Activity: Instruction for the data below: set down exactly the lines from the line with "Dolce & Gabbana" to the line with "Figura de acción", inclusive, and no others.

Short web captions
────────────────

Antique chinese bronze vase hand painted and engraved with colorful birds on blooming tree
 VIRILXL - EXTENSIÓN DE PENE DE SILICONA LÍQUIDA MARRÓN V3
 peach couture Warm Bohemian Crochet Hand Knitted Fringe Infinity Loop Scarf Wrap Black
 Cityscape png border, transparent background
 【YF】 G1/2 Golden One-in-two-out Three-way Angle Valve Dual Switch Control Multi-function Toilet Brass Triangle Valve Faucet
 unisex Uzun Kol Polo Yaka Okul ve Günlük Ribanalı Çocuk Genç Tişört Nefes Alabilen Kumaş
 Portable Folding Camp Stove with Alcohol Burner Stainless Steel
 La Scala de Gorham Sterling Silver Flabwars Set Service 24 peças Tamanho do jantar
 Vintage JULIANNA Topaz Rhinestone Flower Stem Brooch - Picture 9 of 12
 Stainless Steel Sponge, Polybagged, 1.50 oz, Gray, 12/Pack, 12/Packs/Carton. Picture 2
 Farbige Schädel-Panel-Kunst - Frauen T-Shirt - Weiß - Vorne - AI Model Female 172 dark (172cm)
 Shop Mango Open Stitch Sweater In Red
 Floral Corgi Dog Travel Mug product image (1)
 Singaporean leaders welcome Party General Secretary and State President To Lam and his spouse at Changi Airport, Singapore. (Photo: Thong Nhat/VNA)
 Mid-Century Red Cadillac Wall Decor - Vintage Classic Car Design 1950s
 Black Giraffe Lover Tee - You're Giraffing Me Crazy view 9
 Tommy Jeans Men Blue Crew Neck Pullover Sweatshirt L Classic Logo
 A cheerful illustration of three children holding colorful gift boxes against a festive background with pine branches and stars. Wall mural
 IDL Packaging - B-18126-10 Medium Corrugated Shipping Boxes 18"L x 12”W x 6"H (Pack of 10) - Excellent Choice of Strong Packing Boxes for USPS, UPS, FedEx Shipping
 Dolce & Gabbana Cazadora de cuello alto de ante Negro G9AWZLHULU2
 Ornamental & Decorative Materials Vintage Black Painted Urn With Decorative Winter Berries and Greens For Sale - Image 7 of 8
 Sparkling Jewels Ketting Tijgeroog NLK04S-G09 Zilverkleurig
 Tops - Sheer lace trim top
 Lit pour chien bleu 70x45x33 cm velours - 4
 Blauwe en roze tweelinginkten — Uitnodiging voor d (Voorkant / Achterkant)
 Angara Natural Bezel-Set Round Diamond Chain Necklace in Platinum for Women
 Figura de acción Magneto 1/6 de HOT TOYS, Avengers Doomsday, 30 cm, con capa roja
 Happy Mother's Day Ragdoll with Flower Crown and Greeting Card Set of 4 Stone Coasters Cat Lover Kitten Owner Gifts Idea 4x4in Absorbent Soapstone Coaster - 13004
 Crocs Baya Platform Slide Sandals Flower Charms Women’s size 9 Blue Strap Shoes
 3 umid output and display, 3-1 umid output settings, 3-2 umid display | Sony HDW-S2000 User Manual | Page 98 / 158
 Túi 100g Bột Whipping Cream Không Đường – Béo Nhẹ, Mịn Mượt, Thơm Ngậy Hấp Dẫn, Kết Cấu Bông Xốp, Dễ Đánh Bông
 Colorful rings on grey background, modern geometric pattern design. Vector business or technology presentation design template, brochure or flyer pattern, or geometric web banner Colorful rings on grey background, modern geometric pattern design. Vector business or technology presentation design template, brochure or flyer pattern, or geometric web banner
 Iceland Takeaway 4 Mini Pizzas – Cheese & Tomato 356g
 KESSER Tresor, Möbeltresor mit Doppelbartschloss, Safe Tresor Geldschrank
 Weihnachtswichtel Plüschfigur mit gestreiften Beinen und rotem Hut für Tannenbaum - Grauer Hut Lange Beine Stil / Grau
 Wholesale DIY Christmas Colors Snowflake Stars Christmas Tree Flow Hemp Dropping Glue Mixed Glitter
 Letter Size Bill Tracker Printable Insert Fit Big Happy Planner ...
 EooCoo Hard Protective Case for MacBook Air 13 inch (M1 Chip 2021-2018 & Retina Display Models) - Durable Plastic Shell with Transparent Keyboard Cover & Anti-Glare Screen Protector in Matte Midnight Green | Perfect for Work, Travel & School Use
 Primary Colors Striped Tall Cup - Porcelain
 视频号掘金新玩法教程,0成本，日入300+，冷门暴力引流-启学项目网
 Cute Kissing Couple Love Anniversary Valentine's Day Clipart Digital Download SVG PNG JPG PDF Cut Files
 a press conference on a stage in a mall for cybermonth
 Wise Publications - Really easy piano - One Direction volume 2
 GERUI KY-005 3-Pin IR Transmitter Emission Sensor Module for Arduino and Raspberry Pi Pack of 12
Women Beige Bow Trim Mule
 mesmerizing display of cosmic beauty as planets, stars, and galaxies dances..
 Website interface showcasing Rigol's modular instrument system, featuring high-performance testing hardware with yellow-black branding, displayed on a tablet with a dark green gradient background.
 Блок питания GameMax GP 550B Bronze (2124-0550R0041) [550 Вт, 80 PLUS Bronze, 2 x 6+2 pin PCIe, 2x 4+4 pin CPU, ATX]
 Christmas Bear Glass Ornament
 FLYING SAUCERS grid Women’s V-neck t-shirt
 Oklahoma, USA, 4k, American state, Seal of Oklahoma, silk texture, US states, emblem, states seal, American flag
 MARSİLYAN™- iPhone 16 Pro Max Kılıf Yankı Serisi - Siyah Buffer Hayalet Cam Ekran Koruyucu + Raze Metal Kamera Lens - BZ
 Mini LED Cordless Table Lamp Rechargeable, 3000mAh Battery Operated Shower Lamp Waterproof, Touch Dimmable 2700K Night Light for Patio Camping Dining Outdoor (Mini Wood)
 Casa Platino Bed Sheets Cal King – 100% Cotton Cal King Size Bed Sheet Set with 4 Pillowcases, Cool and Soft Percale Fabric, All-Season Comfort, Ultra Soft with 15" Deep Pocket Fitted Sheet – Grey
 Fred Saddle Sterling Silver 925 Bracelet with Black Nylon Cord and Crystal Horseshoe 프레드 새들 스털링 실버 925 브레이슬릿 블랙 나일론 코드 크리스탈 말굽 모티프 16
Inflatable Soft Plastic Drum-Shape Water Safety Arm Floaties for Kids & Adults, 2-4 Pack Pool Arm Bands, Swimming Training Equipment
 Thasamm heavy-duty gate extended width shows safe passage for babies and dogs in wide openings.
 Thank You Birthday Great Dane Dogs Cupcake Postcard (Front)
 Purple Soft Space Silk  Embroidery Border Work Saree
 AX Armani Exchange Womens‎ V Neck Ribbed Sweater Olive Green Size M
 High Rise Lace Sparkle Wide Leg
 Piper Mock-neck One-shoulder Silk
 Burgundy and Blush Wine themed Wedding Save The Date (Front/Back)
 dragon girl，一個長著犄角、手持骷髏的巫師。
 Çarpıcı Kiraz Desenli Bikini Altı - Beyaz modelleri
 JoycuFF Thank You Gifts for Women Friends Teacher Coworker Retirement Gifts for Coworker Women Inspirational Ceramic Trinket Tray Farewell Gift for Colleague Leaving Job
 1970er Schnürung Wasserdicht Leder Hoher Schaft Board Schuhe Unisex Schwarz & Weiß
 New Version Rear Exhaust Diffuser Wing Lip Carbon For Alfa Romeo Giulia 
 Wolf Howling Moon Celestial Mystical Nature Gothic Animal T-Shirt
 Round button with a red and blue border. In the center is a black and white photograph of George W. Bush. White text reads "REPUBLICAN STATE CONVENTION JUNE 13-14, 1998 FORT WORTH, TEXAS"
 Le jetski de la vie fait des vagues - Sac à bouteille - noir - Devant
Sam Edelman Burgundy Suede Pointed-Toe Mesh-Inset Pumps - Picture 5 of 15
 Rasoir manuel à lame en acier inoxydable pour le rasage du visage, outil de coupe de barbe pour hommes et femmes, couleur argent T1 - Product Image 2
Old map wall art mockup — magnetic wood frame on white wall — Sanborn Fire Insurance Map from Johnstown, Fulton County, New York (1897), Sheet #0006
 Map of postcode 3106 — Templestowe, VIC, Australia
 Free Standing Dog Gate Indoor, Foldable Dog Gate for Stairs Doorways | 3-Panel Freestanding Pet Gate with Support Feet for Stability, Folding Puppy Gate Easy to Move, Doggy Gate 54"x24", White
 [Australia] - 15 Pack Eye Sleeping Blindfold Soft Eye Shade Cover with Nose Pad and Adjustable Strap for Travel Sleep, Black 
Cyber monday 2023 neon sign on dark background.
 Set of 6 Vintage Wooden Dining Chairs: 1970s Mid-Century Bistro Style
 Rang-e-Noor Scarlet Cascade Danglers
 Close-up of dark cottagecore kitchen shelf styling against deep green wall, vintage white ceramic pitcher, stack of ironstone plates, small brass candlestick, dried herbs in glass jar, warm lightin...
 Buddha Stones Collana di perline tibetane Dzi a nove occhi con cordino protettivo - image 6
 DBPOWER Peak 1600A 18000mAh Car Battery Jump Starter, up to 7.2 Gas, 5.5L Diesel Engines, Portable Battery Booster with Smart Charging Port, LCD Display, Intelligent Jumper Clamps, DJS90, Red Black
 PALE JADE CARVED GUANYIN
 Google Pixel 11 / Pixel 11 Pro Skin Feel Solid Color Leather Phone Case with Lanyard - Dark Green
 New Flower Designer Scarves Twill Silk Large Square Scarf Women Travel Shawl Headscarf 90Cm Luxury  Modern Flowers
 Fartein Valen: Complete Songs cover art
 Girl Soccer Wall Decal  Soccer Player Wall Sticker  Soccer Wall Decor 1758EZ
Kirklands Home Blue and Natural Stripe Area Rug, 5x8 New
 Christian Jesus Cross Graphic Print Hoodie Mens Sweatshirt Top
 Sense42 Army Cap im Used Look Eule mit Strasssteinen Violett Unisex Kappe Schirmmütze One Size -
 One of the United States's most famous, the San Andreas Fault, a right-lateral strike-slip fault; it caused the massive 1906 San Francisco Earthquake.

────────────────

Reply:
 Dolce & Gabbana Cazadora de cuello alto de ante Negro G9AWZLHULU2
 Ornamental & Decorative Materials Vintage Black Painted Urn With Decorative Winter Berries and Greens For Sale - Image 7 of 8
 Sparkling Jewels Ketting Tijgeroog NLK04S-G09 Zilverkleurig
 Tops - Sheer lace trim top
 Lit pour chien bleu 70x45x33 cm velours - 4
 Blauwe en roze tweelinginkten — Uitnodiging voor d (Voorkant / Achterkant)
 Angara Natural Bezel-Set Round Diamond Chain Necklace in Platinum for Women
 Figura de acción Magneto 1/6 de HOT TOYS, Avengers Doomsday, 30 cm, con capa roja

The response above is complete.